Questions about Time Dilation

[Best of the Worst]

For example, one could travel to the "edge" of the observable Universe in about 25 years, ship-time, if the craft travels at a very high percentage of c. For an observer, the elapsed time is much, MUCH greater (too many zeroes to write down here). But hold on - time dilation is an observed effect from the outside - the actual traveler thinks that everything is going along just as normally as ever; her clocks ticks at the same rate, light bounces around the cabin off mirrors as she expects, yet we are told that to her, the total journey time is very much compressed because of her high speed.
Could someone explain this to me? Unless my math is wrong, the trip should take ~1.52 x 10^6 years, not 25 years (I'm assuming that the "trip to the edge of the observable universe" is referring to the radius of the universe, which I've read to be 1 500 000 light years), to the one in the spaceship. How is it that time is compressed for her?

Also, I've been having trouble finding a good explanation of the Twin Paradox.

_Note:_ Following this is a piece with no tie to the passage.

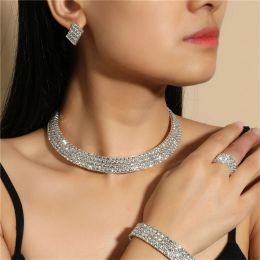 Necklaces Korean hot selling fashion jewelry, copper inlaid zircon, luxury shiny necklace sexy ladies party necklace Simple Zircon Crystal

I know that because the twin in the spaceship has to change directions, he jumps from one frame of reference to another, but I haven't been able to find an explanation of why that means that their observations aren't contradictory. Anyone care to explain this to me, too?

Thanks in advance :).

[Ich]

It´s 1.52E6 universe time and 25 ship time, I assume. BTW: the observable universe is much larger.
Think of changing velocity similar to changing direction in spacetime. The one changing direction took a detour, ie not the straight line between two events. In Minkowski geometry, a detour is always shorter than the straight line. And path length in Minkowski space is proper time.

[Doc Al]

Could someone explain this to me? Unless my math is wrong, the trip should take ~1.52 x 10^6 years, not 25 years (I'm assuming that the "trip to the edge of the observable universe" is referring to the radius of the universe, which I've read to be 1 500 000 light years), to the one in the spaceship. How is it that time is compressed for her?
From the traveler's viewpoint, the distance has "contracted" to a small fraction of 1 500 000 light years, so her travel time is quite small according to her clocks. (To state a specific time, one would need to know her speed.) What you have calculated, I presume correctly, is the time of her trip according to Earth observers. (Per special relativity, Earth observers measure the space ship clocks to be running slowly, so everything is consistent.)

[Best of the Worst]

From the traveler's viewpoint, the distance has "contracted" to a small fraction of 1 500 000 light years, so her travel time is quite small according to her clocks.
Hmm... I didn't really read up much on Length Contraction, but what I read was that it's the object itself, and not the distance travelled, that contracts as its speed approaches c. In any case, what's the principle that states that travel distance contracts as speed approaches c?

[JesseM]

Hmm... I didn't really read up much on Length Contraction, but what I read was that it's the object itself, and not the distance travelled, that contracts as its speed approaches c. In any case, what's the principle that states that travel distance contracts as speed approaches c? If two objects are moving at the same constant velocity in my frame (two galaxies, say), then whatever the distance between them in their own mutual rest frame, that distance will be shrunk in my frame by the same factor as each object's length is shrunk. Either type of shrinkage is called "Lorentz contraction".

[Best of the Worst]

Cool. Thanks for the replies.